The Court annulled the provisions that would have prevented members of the high judiciary from voting for more than one candidate in their selection to HSYK and the Constitutional Court. The provision that would have allowed the president to assign political science and economics academics or senior executives to the HSYK was also annulled. Apart from these very minor changes the package still preserves its content. The decision is very interesting in terms of the votes. While discussing the motion, 39 claims were rejected with different votes of which only 7 decisions were taken unanimously and the rest was decided by majority of votes. However, 7 annulment decisions were decided unanimously.

The decision was immediately and heavily criticized. The main argument is that the Court exceeded his authority (again!) by reviewing the amendments in respect to substance even though it is not empowered to do so according to the 1982 Constitution. (Article 148 of the Constitution stipulates that “Constitutional amendments shall be examined and verified only with regard to their form … the verification of constitutional amendments shall be restricted to consideration of whether the requisite majorities were obtained for the proposal and in the ballot, and whether the prohibition on debates under urgent procedure was complied with”.) The reasoned judgment of the Court has not been published yet but as far as it’s learned from the media, the Court annulled those clauses by finding them contrary to the principle of “democratic… [S]tate governed by the rule of law” provided in the Article 2 of the Constitution. Therefore it’s not possible to decide the constitutionality of the amendments without a substantial review in this respect.
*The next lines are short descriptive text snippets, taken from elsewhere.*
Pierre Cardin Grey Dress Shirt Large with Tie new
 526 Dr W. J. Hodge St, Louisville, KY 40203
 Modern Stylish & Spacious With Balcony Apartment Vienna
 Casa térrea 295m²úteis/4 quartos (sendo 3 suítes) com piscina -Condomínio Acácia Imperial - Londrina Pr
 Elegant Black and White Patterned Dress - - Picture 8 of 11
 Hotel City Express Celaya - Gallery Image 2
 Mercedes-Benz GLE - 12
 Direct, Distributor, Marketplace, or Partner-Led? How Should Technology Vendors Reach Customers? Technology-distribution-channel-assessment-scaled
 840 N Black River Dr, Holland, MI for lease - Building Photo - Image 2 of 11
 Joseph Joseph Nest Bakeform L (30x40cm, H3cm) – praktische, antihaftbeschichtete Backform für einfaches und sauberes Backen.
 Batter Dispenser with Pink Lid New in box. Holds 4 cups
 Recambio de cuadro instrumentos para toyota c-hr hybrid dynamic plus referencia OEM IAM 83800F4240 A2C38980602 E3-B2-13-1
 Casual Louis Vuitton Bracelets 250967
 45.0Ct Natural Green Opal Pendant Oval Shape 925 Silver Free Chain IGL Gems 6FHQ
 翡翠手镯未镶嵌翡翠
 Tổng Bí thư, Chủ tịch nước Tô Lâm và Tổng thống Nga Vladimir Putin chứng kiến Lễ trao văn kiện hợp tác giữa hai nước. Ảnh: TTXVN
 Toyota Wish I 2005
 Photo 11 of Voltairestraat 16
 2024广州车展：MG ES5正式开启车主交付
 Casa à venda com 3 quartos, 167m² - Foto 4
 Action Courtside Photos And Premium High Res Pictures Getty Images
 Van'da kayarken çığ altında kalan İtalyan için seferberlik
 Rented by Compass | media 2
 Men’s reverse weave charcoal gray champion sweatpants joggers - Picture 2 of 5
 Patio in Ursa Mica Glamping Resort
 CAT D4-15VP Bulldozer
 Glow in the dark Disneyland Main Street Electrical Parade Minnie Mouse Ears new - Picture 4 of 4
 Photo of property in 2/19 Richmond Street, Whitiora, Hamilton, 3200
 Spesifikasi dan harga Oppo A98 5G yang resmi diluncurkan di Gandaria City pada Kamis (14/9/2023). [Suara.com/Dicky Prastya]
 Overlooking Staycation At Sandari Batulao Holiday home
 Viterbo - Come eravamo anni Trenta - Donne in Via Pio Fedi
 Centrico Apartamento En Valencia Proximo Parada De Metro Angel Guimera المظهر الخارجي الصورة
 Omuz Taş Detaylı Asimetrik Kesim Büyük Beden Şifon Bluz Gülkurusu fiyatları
This is not the first time the Court reviewed the compatibility of constitutional amendments with respect to the Constitution. Under the 1982 Constitution, there have been four times (1987, 2007, 2007, 2008) in which the Court made the judicial review of the constitutional amendments. The most controversial one was the decision on June 5, 2008 which annulled the amendments to the Article 10 and 42 of the Constitution relating to removing the ban on headscarves at universities. This was the only time the Court annulled a constitutional amendment under the 1982 Constitution until the decision of July 7, 2010. Since that decision, the Court is said to be in violation of the Constitution because it does not have a competence for judicial review of constitutional amendments in respect to substance. Today in 2010, the Court is said to be in violation of the Constitution again by deciding partial annulment of the current constitutional amendment package.

Under Turkish constitutional system, the Constitutional Court does not have the power to review laws that have not completed its enactment process. Likewise, these constitutional amendments are not valid and unenforceable because their enactment process is not yet completed. The package will be subject to a referendum on September 12, 2010 because it did not receive enough votes in the Assembly to enter into force immediately. Therefore, this referendum will be both on the validity and the enforcement of the amendments. Consequently this law amending the Constitution has not become a “law” yet. The Constitutional Court has no power to make a preventive review of legislation. The 1982 Constitution allows the Court only to make a posteriori review of laws. In other words, the Court cannot review a law even amending the Constitution which has not finished its procedure to become valid. However, the Court invalidated constitutional amendments by reviewing them while they are on their way to referendum.

Nowadays both the opposition party and the current heads of high judicial bodies are not satisfied with the decision because they believe that the rest of partly annulled articles are contrary to the separation of powers and judicial independence. The opposition parties in the Parliament started campaigns for saying “no” in referendum while the government is trying to persuade people to say “yes”. On the other hand, although the supporters of the constitutional change censure the decision because the Court exceeded its powers by reviewing the substance of the amendments they are pleased with the decision and seem to ignore it because the decision did not affect the main idea of the constitutional change and abolish the whole package.”